EXERCISE MATERIALS Start Marker

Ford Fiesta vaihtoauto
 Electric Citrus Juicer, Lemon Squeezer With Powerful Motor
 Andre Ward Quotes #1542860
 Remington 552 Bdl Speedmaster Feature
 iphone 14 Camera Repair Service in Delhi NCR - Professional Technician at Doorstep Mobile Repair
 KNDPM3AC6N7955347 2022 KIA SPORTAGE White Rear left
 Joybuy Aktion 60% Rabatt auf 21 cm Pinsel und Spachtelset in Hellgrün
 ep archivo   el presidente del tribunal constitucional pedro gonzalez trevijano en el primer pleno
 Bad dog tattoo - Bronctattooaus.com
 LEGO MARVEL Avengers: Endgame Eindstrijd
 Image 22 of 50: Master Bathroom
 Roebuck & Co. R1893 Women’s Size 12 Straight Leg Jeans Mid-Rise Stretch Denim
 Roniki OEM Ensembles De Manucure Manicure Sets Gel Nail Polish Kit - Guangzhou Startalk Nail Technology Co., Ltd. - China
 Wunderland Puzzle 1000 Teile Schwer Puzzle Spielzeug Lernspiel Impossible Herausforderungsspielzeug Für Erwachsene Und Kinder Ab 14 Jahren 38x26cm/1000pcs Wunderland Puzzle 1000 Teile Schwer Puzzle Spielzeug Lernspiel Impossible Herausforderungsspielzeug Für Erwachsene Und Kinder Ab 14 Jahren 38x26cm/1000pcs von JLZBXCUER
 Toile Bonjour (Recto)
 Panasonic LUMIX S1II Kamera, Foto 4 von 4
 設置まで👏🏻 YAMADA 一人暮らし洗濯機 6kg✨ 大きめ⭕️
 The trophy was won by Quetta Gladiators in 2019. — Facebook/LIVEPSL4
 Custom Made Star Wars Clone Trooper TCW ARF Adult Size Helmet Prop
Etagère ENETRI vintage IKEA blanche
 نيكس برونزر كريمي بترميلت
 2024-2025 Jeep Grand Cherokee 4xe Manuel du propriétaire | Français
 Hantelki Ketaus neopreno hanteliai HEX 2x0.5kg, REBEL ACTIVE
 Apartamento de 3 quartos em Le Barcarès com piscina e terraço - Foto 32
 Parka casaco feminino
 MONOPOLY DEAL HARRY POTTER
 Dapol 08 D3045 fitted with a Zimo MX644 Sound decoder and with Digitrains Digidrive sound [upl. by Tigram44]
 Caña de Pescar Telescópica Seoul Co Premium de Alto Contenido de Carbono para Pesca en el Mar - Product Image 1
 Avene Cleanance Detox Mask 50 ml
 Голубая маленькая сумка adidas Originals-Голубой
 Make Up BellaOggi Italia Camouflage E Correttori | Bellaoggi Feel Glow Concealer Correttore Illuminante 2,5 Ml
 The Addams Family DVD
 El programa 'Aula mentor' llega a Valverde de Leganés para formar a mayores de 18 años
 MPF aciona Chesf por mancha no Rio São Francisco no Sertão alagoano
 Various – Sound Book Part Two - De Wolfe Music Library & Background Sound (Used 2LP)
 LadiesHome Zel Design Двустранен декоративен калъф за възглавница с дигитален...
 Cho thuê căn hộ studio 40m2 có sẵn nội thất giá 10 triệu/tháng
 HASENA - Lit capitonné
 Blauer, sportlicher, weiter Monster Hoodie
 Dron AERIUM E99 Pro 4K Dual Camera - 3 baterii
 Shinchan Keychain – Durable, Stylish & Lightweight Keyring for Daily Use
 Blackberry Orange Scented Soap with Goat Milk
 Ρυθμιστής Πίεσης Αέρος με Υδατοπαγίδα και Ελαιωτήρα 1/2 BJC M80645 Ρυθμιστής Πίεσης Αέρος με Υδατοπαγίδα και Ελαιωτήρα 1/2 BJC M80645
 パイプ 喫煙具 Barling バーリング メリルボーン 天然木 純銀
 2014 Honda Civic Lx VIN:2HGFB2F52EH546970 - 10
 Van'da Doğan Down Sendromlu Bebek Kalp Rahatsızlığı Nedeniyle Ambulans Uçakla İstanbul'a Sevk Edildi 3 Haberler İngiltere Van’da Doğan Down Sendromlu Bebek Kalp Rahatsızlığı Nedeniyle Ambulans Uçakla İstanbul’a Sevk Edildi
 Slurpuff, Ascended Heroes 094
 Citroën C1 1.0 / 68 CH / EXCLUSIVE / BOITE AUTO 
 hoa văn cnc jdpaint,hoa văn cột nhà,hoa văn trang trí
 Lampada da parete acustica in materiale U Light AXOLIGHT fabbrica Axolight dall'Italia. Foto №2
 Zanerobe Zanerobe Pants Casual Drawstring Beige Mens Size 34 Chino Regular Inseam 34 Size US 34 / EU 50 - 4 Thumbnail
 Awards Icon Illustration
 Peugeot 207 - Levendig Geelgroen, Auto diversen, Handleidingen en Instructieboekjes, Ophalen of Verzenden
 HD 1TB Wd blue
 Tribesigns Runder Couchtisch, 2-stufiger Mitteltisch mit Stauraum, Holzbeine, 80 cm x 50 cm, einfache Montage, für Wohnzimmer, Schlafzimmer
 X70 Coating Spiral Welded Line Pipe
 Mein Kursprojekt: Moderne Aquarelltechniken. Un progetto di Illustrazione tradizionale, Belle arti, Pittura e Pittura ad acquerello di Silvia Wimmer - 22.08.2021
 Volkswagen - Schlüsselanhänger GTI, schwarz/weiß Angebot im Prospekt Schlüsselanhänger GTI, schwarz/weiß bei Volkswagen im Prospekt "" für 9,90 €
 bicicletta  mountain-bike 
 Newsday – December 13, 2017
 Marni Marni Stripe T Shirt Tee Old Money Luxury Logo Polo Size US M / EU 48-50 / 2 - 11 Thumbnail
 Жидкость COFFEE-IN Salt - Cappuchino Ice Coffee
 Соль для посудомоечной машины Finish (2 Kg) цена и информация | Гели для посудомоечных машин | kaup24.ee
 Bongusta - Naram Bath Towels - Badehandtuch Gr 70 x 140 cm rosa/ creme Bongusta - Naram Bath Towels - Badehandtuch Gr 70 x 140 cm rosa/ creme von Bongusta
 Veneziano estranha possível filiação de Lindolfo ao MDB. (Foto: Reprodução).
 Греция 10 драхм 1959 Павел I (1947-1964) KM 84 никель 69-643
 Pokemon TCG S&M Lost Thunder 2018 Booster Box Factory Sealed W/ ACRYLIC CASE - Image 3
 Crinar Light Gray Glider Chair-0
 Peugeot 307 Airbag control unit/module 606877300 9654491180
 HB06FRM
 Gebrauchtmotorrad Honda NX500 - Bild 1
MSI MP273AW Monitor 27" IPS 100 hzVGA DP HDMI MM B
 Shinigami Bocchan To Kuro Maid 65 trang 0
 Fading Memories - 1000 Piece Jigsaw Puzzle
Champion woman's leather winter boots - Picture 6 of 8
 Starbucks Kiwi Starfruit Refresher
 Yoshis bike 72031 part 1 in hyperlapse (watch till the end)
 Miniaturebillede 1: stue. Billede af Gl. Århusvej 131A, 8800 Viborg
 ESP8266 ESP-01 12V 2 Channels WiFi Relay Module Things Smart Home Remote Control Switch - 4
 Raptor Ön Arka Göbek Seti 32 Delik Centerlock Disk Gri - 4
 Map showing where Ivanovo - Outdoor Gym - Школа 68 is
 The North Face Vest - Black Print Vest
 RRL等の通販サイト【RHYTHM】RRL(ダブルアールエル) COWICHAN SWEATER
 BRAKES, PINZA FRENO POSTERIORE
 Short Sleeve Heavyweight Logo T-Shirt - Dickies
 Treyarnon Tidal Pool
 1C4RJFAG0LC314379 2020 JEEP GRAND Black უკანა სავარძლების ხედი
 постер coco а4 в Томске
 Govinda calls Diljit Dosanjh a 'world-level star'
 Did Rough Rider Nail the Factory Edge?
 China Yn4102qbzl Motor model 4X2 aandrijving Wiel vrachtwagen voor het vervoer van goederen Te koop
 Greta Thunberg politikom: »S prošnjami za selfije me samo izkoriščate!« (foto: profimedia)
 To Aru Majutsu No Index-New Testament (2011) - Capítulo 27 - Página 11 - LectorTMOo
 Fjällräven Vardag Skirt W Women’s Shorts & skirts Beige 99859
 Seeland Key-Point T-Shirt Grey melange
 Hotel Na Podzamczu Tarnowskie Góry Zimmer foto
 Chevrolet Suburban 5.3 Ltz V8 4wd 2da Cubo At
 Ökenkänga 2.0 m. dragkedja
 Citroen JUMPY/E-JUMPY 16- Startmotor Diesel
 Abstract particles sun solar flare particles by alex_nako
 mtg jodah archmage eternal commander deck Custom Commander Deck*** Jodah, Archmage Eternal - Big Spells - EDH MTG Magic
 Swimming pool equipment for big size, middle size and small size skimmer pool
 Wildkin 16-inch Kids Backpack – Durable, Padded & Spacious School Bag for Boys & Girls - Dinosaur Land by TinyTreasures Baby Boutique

EXERCISE MATERIALS End Marker

== PROBLEM ==
Quote the records above exactly, from the first line through the line containing "設置まで👏🏻 YAMADA 一人暮らし洗濯機 6kg✨ 大きめ⭕️", and nothing more.

== FINAL ANSWER ==
Ford Fiesta vaihtoauto
 Electric Citrus Juicer, Lemon Squeezer With Powerful Motor
 Andre Ward Quotes #1542860
 Remington 552 Bdl Speedmaster Feature
 iphone 14 Camera Repair Service in Delhi NCR - Professional Technician at Doorstep Mobile Repair
 KNDPM3AC6N7955347 2022 KIA SPORTAGE White Rear left
 Joybuy Aktion 60% Rabatt auf 21 cm Pinsel und Spachtelset in Hellgrün
 ep archivo   el presidente del tribunal constitucional pedro gonzalez trevijano en el primer pleno
 Bad dog tattoo - Bronctattooaus.com
 LEGO MARVEL Avengers: Endgame Eindstrijd
 Image 22 of 50: Master Bathroom
 Roebuck & Co. R1893 Women’s Size 12 Straight Leg Jeans Mid-Rise Stretch Denim
 Roniki OEM Ensembles De Manucure Manicure Sets Gel Nail Polish Kit - Guangzhou Startalk Nail Technology Co., Ltd. - China
 Wunderland Puzzle 1000 Teile Schwer Puzzle Spielzeug Lernspiel Impossible Herausforderungsspielzeug Für Erwachsene Und Kinder Ab 14 Jahren 38x26cm/1000pcs Wunderland Puzzle 1000 Teile Schwer Puzzle Spielzeug Lernspiel Impossible Herausforderungsspielzeug Für Erwachsene Und Kinder Ab 14 Jahren 38x26cm/1000pcs von JLZBXCUER
 Toile Bonjour (Recto)
 Panasonic LUMIX S1II Kamera, Foto 4 von 4
 設置まで👏🏻 YAMADA 一人暮らし洗濯機 6kg✨ 大きめ⭕️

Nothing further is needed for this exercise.